Bibangamba v Mungereza (Miscellaneous Application-2012/103) [2012] UGCommC 110 (28 August 2012);

Cite this case
[2012] UGCommC 110
Obura, J





(HCT-00-CC-NO.69 OF 2012)

PETER BIBANGAMBA:::::::::::::::::::::::::::::::::::::::::::::::::::::::::::::::::::::                                                                                                                                   APLICANT






IN RECEIVERSHIP::::::::::::::::::::::::::::::::::::::::::::::::::::::::::::::::::::                                                                                                                                             RESPONDENT






This is a ruling in an application brought under Order 36 rule 4 and Order 52 rules 1 & 3 of the Civil Procedure Rules (CPR) for orders that the applicant be granted unconditional leave to appear and defend the suit and the costs of this application be granted to the applicant.


The grounds of the application are stated in the notice of motion and the affidavit in support sworn by the applicant. The gist of it are; first, that the applicant has a good defence to the whole of the plaintiff’s claim which raise issues that need to be tried on the merits. Secondly, that the agreement relied upon is unenforceable in law for failure/lack of consideration. Thirdly, that he did not pay the initial installment of the purchase price because the respondent never availed him with the logbooks of the company equipment at the time of signing the agreement contrary to clause 5.3. Lastly, that there was no justification or basis for the claim of liquidated damages as the agreement terminated automatically immediately after execution.


An affidavit in reply and opposition to the application was sworn by the respondent. He deposed, inter-alia that the applicant was raising the issue of failure by the respondent to give him the logbooks at this stage yet he never complained about it earlier and in any case, copies of the logbooks were to be given after payment of the initial installment which the applicant failed to do.


Furthermore, that the claim for liquidated damages was justified because the applicant wasted a lot of receivership time by engaging the secured lenders and him in endless negotiation from March-August 2011 and convinced them of his seriousness when he agreed to pay US $ 150,000 as liquidated damages upon his breach of the agreement. Lastly, that the applicant does not have a defence to the suit.


At the hearing of this application, the applicant was represented by Mr. Steven Beyanga and the respondent by Ms. Ruth Sebatindira. Counsel for the applicant submitted that the liquidated damages clause in the agreement which gave rise to the suit is in contention as to whether it amounts to a penalty or not. He contended that the amount stated in that clause amounts to a penalty and the applicant is not liable to pay it. He argued that it is not reasonable compensation in the circumstances.

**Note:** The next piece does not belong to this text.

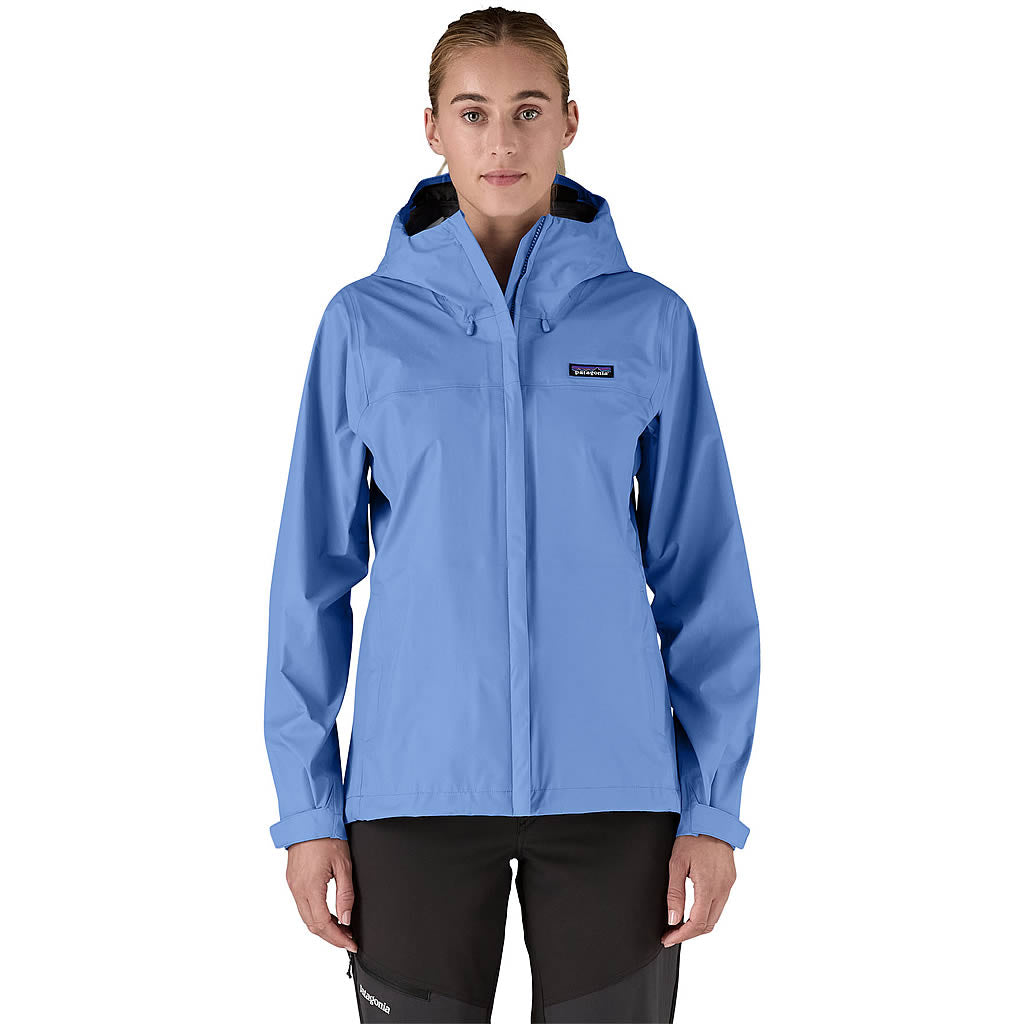 Women's Torrentshell 3L Rain Jacket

He relied on Dunlop Pneumatic Tyre Co. Ltd v New Garage & Motor Co. Ltd [1915] AC 79 to buttress his argument that where certain amount is excessive/extravagant or unconscionable, it would amount to a penalty and not be enforceable. He argued, basing on that case, that for such an amount to be liquidated damages, it should be genuine and reasonable pre-estimate of any damages that would have arisen in case of breach.


On the issue of lack of consideration, counsel for the applicant referred to section 20 of the Contracts Act , 2010 which provides that an agreement without consideration is void unless it falls under the exceptions stated in that section. He submitted that clause 1.0 of the agreement specified that the consideration was payment of the purchase price. He argued that since there was no payment there was therefore no consideration thus making the agreement void and unenforceable.

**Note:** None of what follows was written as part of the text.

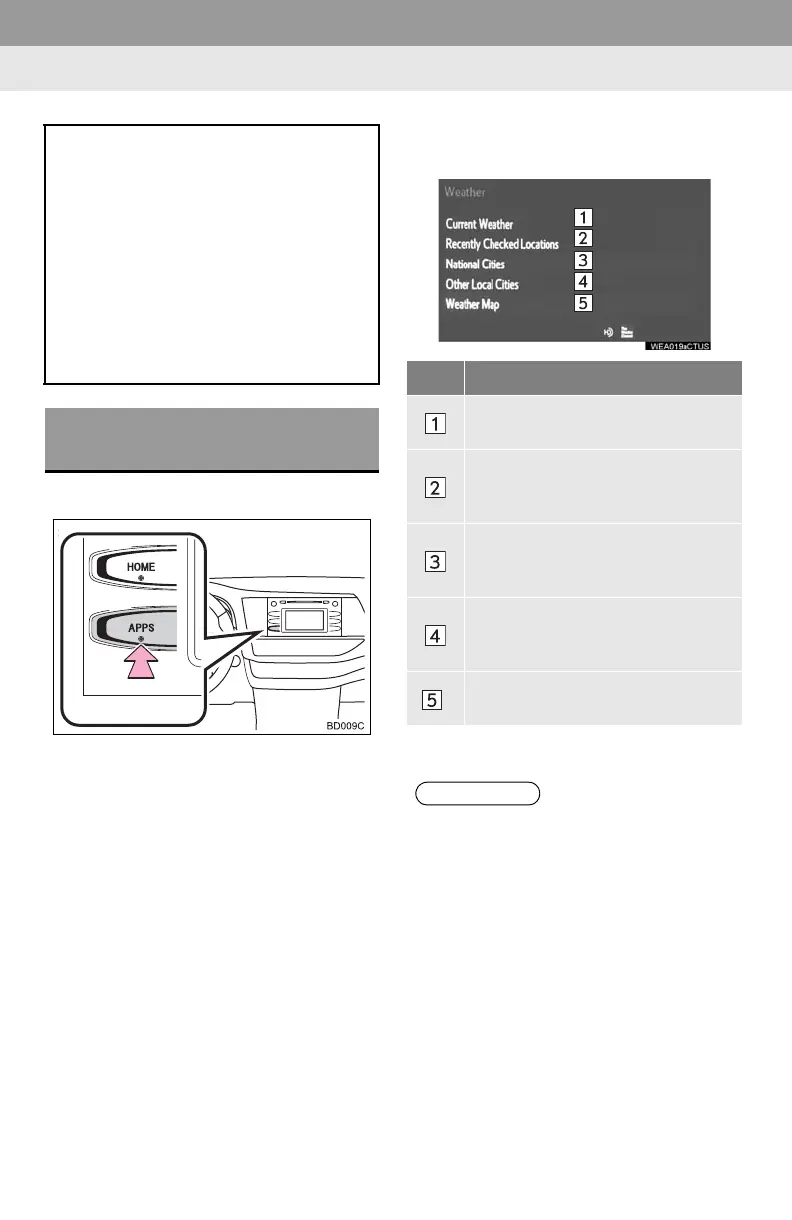 Page #180 background image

On breach, counsel submitted that both parties breached the contract. He contended that clause 5.3 put an obligation on the vendor to avail copies of the logbooks to the purchaser upon signing the agreement but this was not done. He argued that payment of the initial contract sum and availing copies of the logbooks were to be contemporaneous, that is, take place at the same time upon signing the agreement.


In conclusion, counsel for the applicant submitted that the applicant had met the conditions for grant of application for leave to appear and defend the suit by showing that there are triable issues. He prayed that the application be granted and costs be awarded to the applicant.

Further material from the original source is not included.